------ RECORDS PROVIDED

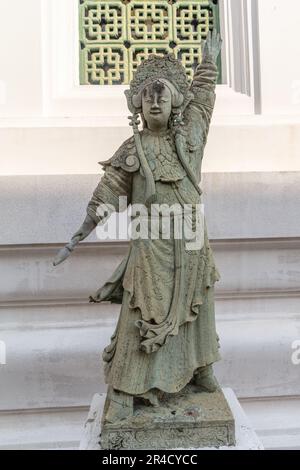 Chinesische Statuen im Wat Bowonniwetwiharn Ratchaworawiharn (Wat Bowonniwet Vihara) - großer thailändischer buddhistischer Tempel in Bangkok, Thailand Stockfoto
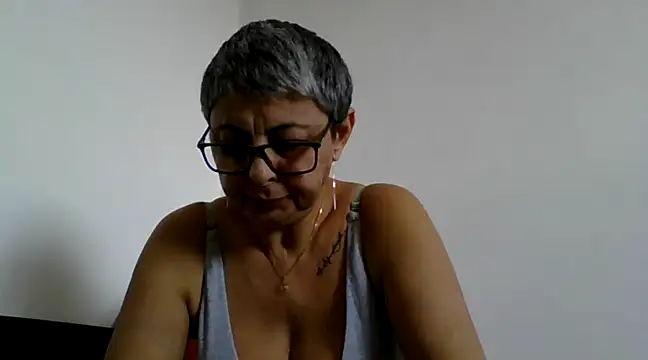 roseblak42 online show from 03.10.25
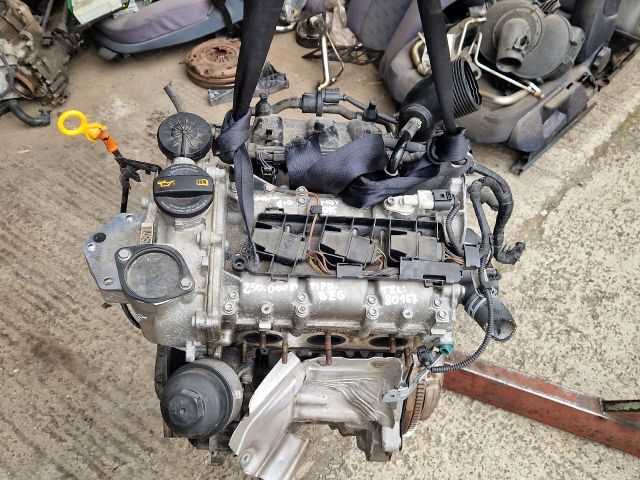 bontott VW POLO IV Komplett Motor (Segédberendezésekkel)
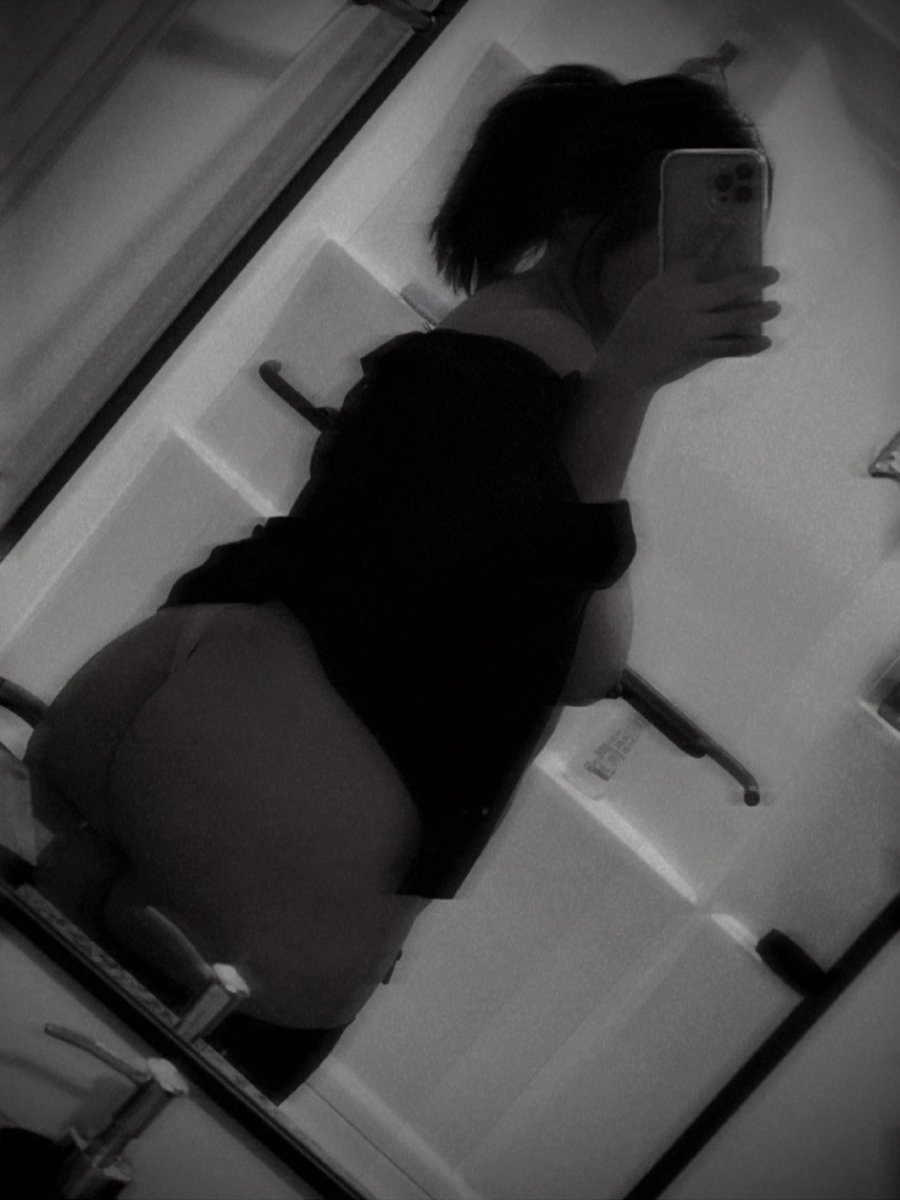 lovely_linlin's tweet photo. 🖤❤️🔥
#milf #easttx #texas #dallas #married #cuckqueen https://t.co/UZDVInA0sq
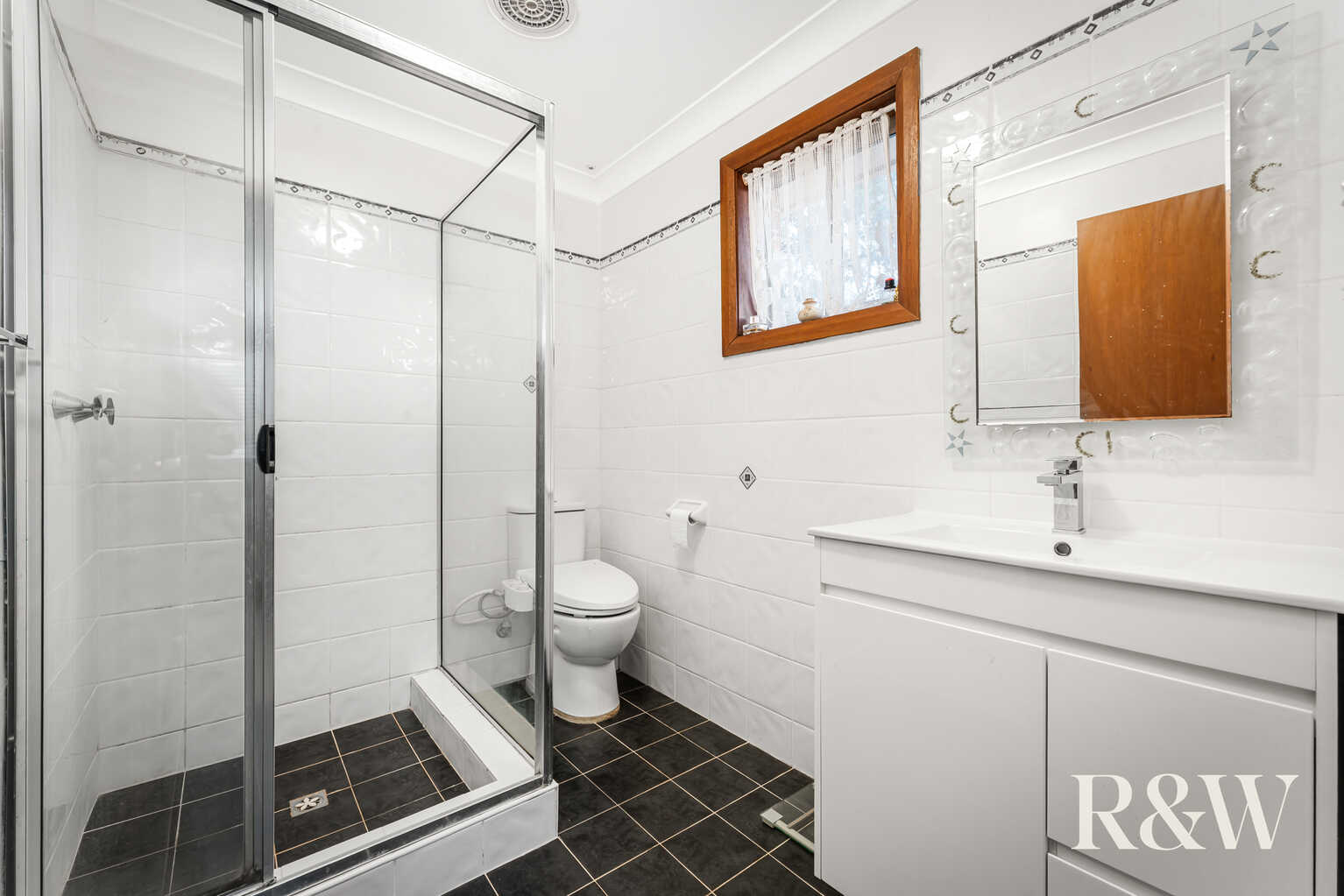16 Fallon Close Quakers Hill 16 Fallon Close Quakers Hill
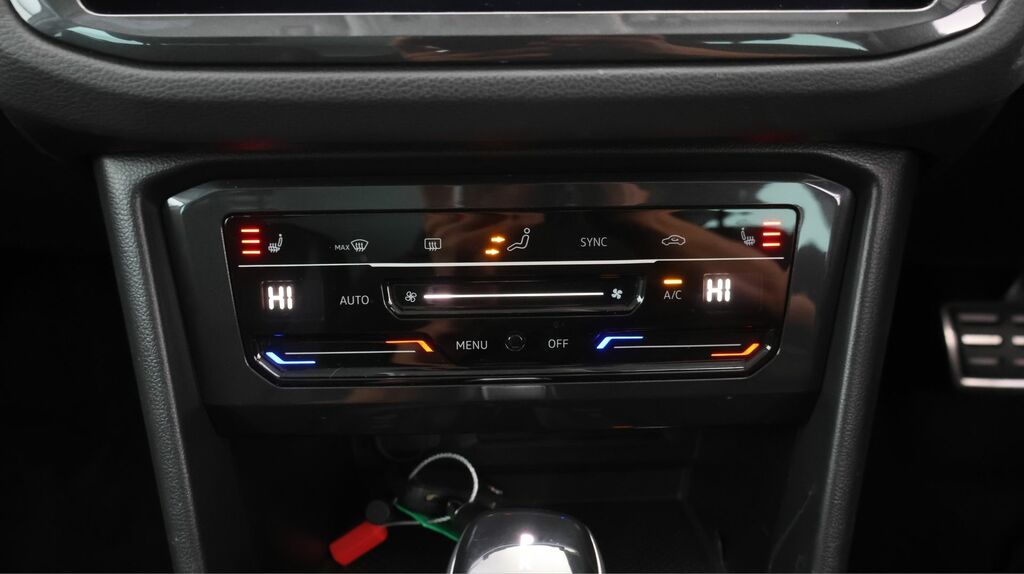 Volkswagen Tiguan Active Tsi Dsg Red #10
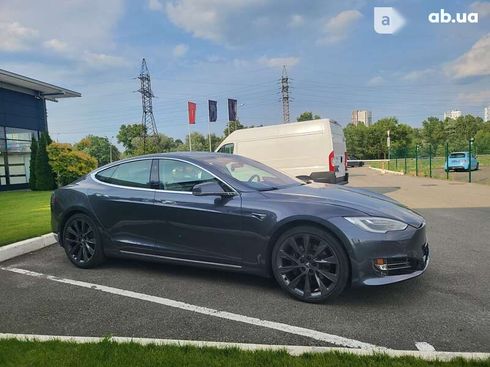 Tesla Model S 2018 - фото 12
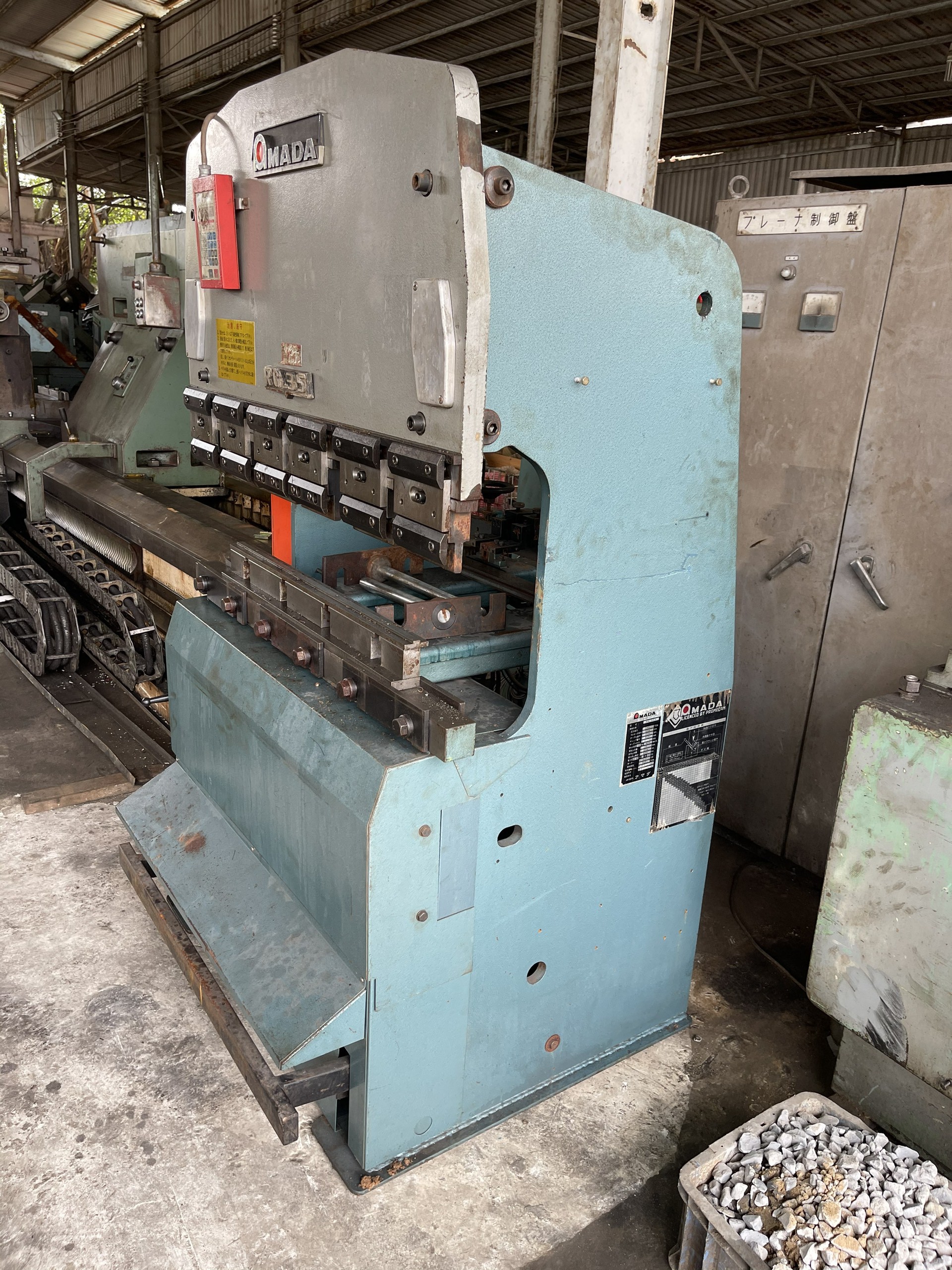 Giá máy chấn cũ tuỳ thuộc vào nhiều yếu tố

------------

■ WORK INSTRUCTION: Find the line containing "roseblak42 online show from 03.10.25" in the listing above. Restate it and every line after it, word for word, through the final line, leaving out the pictures.

■ EXERCISE OUTPUT:
 roseblak42 online show from 03.10.25
 bontott VW POLO IV Komplett Motor (Segédberendezésekkel)
 lovely_linlin's tweet photo. 🖤❤️🔥
#milf #easttx #texas #dallas #married #cuckqueen https://t.co/UZDVInA0sq
16 Fallon Close Quakers Hill 16 Fallon Close Quakers Hill
 Volkswagen Tiguan Active Tsi Dsg Red #10
 Tesla Model S 2018 - фото 12
 Giá máy chấn cũ tuỳ thuộc vào nhiều yếu tố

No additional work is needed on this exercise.